Born: 2 July, 1962, in Edinburgh.
Died: 1 July, 2008, in Edinburgh, aged 45. JULIAN Coutts trod the path from a brilliant academic life to high finance, for many a fraught and difficult journey, faultlessly to reach the very
upper echelons of Standard Life Investments, the Edinburgh-based fund management giant, where he was chief scientific officer.
Educated at Edinburgh Academy, a winner of the Salvesen Scholarship, he was one of the brightest minds of his generation, following the footsteps of arguably the school's greatest ever pupil, James Clerk Maxwell, the Scottish scientist whose work paved the way for Einstein's theory of relativity, into the realms of physics.
The son of an Edinburgh advocate, he won an Exhibition and two further scholarships to gain a place at St Edmund Hall, Oxford University, where he graduated with a first-class degree before taking up a doctorate examining the theoretical physics behind high energy lasers. His professor, Colin Webb, recalled later that Coutts was one of his brightest and best research students, included in authorship of several important scientific papers while still an undergraduate. The validity of his work has been established repeatedly by subsequent practical experiments and he continues to be regularly cited as an authority in the field.
Awarded the Lindemann Fellowship, a substantial and fiercely sought after travelling scholarship, Coutts was able to cross the Atlantic to research astrophysics at the University of Colorado before returning to Britain to take up a fellowship at Queen's College, back in Oxford.
It was during his time in the United States that he became engaged to Jenny, a bright young chemist he had first met through his sister Charlotte, a lawyer who is now a sheriff presiding over courts across Scotland. With a devotion to Jenny that never abated, he wrote to her every day during the two years he spent overseas, returning to Britain permanently so that they could marry.
Embracing the responsibilities of marriage, Coutts took the hard decision to leave a life of academic research to take up a post in industry. His technical brilliance and enormous enthusiasm helped deliver his new employer, the exploration arm of BP, the best aeromagnetic survey system in the world. He became a leading expert in this field within 12 months but it was a measure of his intellect that, once he had developed this mastery, he moved on to test himself in other areas.
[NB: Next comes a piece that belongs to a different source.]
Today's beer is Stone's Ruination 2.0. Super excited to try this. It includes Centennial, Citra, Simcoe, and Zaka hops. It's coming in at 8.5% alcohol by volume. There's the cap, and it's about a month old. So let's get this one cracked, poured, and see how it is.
Joining London merchant bank Morgan Grenfell, initially as a fund manager, he pioneered techniques for visualising and analysing investment risk before he was headhunted by Standard Life Investments, where, save for one short period, he remained, graduating from investment risk director to chief scientific officer while also finding time to achieve an MBA from Warwick University. From the day he started, his colleagues realised the company had recruited a truly unique individual. One, James Aird, remembered: "He was so clever when we hired him, we had to get a consultant in to interview him – just to check out he wasn't bluffing."
A deeply modest and ever generous man, Coutts never sought to overplay his intellect. Friends at Standard Life Investments remember him as a person who treated everyone as his equal without a trace of conceit, arrogance or superiority. The company's chief executive, Keith Skeoch, said: "Julian was simply one of the brightest and nicest people it has been my privilege to meet during my 50 years on this planet. His infectious enthusiasm for dealing with difficult technical or mathematical problems was matched by his ability to communicate complex issues in a down to earth manner to everyone. Many of us will remember his explanation of some of the issues surrounding investment risk by using "follow the wire" apparatus – a favourite at school fetes. For all his intellectual firepower, Julian will be remembered for his sense of fun."
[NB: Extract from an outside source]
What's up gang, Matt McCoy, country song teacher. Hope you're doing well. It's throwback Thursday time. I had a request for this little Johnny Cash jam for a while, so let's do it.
Coutts enjoyed life to the full – he was an accomplished musician, composer, song-writer, amateur dramatist and lover of company, frequently delivering the Immortal Memory or one of the toasts at the Standard Life Burns Supper – but he was also deeply spiritual with a strong, life-long belief in family. Moving back to Scotland in 1997, Coutts and his wife chose the popular suburb of Trinity to bring up their daughters, Zoe and Imogen, and the family became immersed in the local Church of Scotland parish, Wardie, where he became an elder and youth group leader.
Two years ago, he was diagnosed with a terminal illness, which, though extremely painful and discomforting, he bore without complaint and with great dignity.
Julian Coutts is survived by his wife, Jenny, a teacher who heads the chemistry department at Edinburgh Academy, his daughters, Zoe and Imogen, his mother and father, Gordon and Winifred, and his sister, Charlotte.